Leo's grin softened into something else. Something tender.
"You know," Leo said quietly, watching me clutch his offering, "there's a whole room upstairs with a proper nesting space. Big enough for all of us. Just sitting there empty."
I didn't answer, didn't trust myself to speak. He left without pushing. They all did. They kept leaving things for me, more blankets, more pillows, worn clothes that smelled like them, and they never once acknowledged what was happening. Never forced the issue. Never made me admit that I needed this, needed them, needed a safe space that smelled like pack.

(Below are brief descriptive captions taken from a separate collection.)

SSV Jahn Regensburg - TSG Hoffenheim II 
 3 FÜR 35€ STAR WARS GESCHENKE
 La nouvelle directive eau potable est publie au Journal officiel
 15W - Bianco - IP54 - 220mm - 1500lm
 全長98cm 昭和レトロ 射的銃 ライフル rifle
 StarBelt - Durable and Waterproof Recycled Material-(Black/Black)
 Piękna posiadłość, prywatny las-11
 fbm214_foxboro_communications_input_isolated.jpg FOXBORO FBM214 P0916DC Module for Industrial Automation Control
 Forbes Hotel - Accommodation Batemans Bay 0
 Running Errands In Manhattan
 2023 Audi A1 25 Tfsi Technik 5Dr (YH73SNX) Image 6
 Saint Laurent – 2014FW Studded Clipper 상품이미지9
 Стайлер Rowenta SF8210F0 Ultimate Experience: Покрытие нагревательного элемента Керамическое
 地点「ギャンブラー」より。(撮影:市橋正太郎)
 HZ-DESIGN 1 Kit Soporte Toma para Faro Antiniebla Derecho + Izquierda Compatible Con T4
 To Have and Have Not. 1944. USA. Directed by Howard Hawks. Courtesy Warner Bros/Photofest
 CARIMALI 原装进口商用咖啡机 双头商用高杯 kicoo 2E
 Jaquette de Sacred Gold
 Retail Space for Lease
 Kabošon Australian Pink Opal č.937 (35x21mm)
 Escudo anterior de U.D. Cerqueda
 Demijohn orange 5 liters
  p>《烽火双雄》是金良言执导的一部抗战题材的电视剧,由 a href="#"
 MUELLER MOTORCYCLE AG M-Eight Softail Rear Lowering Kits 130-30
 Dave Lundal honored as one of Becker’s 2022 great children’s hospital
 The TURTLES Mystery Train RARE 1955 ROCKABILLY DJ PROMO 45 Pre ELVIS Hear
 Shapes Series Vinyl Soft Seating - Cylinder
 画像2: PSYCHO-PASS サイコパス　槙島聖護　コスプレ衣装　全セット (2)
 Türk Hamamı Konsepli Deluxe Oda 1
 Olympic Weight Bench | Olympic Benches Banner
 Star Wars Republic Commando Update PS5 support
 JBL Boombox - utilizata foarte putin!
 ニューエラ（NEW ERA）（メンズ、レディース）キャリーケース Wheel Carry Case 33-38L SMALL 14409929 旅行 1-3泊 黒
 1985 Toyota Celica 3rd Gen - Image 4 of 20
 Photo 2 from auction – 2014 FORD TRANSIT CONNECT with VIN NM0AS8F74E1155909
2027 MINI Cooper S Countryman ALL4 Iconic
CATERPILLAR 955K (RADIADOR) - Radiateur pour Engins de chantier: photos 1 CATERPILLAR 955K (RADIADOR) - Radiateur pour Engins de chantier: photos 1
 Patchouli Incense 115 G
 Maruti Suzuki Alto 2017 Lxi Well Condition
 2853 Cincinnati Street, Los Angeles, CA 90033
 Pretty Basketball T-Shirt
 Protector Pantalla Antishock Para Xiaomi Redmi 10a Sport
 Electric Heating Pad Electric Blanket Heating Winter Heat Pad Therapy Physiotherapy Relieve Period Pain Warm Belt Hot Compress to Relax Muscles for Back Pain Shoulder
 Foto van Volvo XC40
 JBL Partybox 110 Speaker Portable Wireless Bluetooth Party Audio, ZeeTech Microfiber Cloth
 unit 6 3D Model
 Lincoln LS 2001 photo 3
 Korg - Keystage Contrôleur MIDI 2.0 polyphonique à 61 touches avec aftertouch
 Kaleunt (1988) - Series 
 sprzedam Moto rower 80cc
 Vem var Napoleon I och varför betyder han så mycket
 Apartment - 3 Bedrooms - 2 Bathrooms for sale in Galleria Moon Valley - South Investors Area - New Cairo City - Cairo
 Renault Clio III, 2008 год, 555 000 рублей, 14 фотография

But on the seventh day, I broke.
The compulsion was overwhelming.
I woke up with my hands already moving, gathering blankets, arranging pillows, my body operating on pure instinct while my mind screamed at me to stop. I couldn't stop. The need was too strong, too primal, too deeply encoded in whatever part of my brain made me Omega instead of Beta or Alpha.
I needed a nest and I needed it now. I would die without it. I didn't go to the nesting room Leo had mentioned. That felt like too much of a concession, too obvious an admission of what I was doing. Instead I claimed the corner of my bedroom, the space between the wall and the window where the morning light fell soft and warm.
I dragged everything with me. Every blanket, every pillow, every piece of clothing I'd hoarded over the past week. I piled them high, arranged them just so, wove them together into wallsof softness that blocked out the world and created a space that was mine, only mine, safe.
The whole time I was building, I was keening.